Friday, 8 July 2011

With David Zinger on Employee Engagement

 

  On Tuesday I spent the afternoon with David Zinger, founder and host of the Employee Engagement ning community.  I feel David and I go way back as he was one of the few ‘HR’ people blogging when I started up, just over four years ago.  I also started my Human Capital ning group shortly after his, but mine peaked at about 50 people, whilst David’s has over 4000 members!

For David, the path to exceptional employee engagement travels through engagement mythology to the concrete grounding of tactical engagement (kaizengagement)

Debunking 21 myths of employee engagement

David's in-depth research has discovered that employee engagement has a number of myths attached to it (5 of them are here).  My other favourites, some of which I agree are myths, and others which I still believe are true are:

Myths

  • We need a singular definition of engagement.  No – I agree this is a myth, and talked about it recently during my presentation with David Macleod and Nita Clarke of the Employee Engagement Taskforce.
  • WIIFM is more important than WIIFU.  Organisations are more than just collections of individuals.  An organisation of engaged individuals who would sabotage each others’ careers isn’t going to be any more effective than a true team of disengaged employees.  We need to be thinking about engagement as a socially developed outcome rather than an individualised one.
  • Data trumps story.  Measurement has a limited role in HCM.  It’s fine for the transactional stuff, but the more important something is, the harder it is to measure.  Look at Gary Hamel’s triangle describing the range of behaviours people can use to involve themselves in their work.  Obedience at the bottom can be measured fairly easily.  Passion at the top is a lot harder, but it much more important today.  It can be measured – but mainly through pictures and stories, not metrics and analytics.

 

Truths

  • Engagement is a noun.  Yes, I think it is.  It can probably be a very as well as long as we don’t start believing we can engage someone else.  But we can engage ourselves.  But in the main, we’re best off thinking about it as a state, an element of human capital.
  • There are ‘drivers’ of engagement.  Yes.  OK, as I note above, I think it’s up to each individual to decide to be engaged.  But the things that we do to them, the environment we put them in, has a strong influence on this.  So ‘influencers’ rather than ‘drivers’ perhaps, but there are definitely levers we can pull.
  • There are external experts of gurus with answers.  Yes, there are.  These answers need to be chosen according to the specific organisational context, and tailored appropriately too.  But engagement (and HCM) is more than simply treating people well.  It’s also about your strategy, the organisational environment, your HR practices and other things as well.  Don’t be afraid to get outside help.

 

Kaizengagement: 6 tactical engagements

Kaizengagement, a term developed by David Zinger, is a fusion of kaizen and employee engagement.  In the workplace of the perpetual busy we need small, simple, and powerful tactics to continually improve our engagement.

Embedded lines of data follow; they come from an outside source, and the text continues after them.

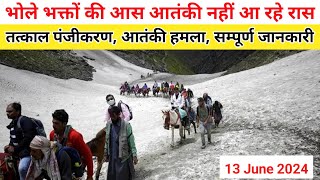 amarnath yatra 2024 terror attack  amarnath yatra 2024 registration  amarnath yatra update today [upl. by Roderich]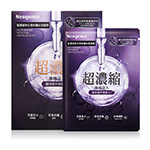 Neogence Microbiome Repairing Ampoule Mask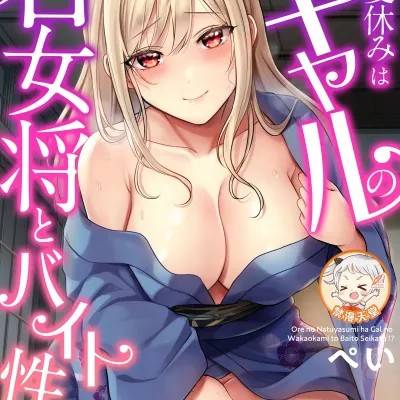 封面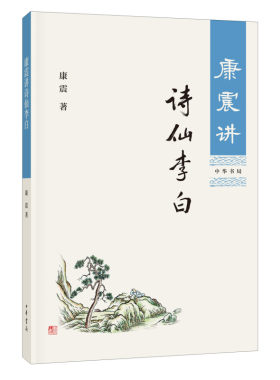 康震讲诗仙李白 康震著 详实史料客观分析还原真实李白中华书局全新正版书籍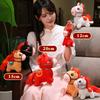 Horse Doll Year of The Horse Chinese Style Plushie Good Luck Pony PP Cotton Filling Zodiac Plush Figurine for Blessings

David outlined six simple yet powerful research based approaches to improving employee engagement within an organisation.

  • Engage progress: from small wins to benevolently hacking our work.  Making progress is the biggest engagement driver for knowledge workers. Eg one reason gaming is so addictive is that it’s so easy to monitor progress.  So let people ‘hack’ their work to make more progress. See David’s post on this.
  • Engage co-created relationships: high quality interactions for optimal organisational energy.  The greatest single contributor to energy is high quality connection, even just for two seconds – ie it’s about whether people show up for each other.  Holding people accountable (check in with them, not checking up on them) counts here too.
  • Engage key moments and tactical behaviours.  David didn’t say much about this, but I agree with the point.  Despite what I wrote above, most of the activities covered within management and leadership are fairly straight forward, and apply pretty much the same from organisation to organisation.  People want to be listened to, be involved in their appraisal and to contribute to their development plans.  Get these basic, crucial conversations right, and you’re well on your way to helping your people be engaged.
  • Engage strengths: List, live and leverage your strengths.  Gallup suggest that if a manager doesn’t talk to an employee, there’s a 44% chance they’ll be disengaged.  If they only talk about poor performance there’s a 22% chance.  Ie just criticising them is better than not talking at all.  But if the manager talks about the employees’ strengths there’s just a 1% chance they’ll be disengaged.
  • Engage the community hive mind of organisations.  I think this relates to what I was describing earlier on.  Engagement is a social outcome and people are largely engaged by the people around them, and how well these people are engaged.  Engagement has to be something that people decide to do /to be together.
  • Engage moments and conversations: 45 seconds to engaged performance.  The one minute manager on steroids?  Anyway, it’s a good point.  One of David’s myths for engagement is about the future versus right now.  It doesn’t have to be.

 

I agree with these points, though I still think there’s more to do.  Engagement can involve big steps and strategic approaches as well.  After all, Kaizen is only effective when it’s part of a bigger approach to TQM.  And I think that given the engagement deficit in most organisations today, we need Total Engagement Management (TEM) too.  I might come back to you on this over the next couple of weeks, so check in again soon.  And I’d be interested in your thoughts (comments) too.

 

Anyway, a great session and wonderful to meet David irl.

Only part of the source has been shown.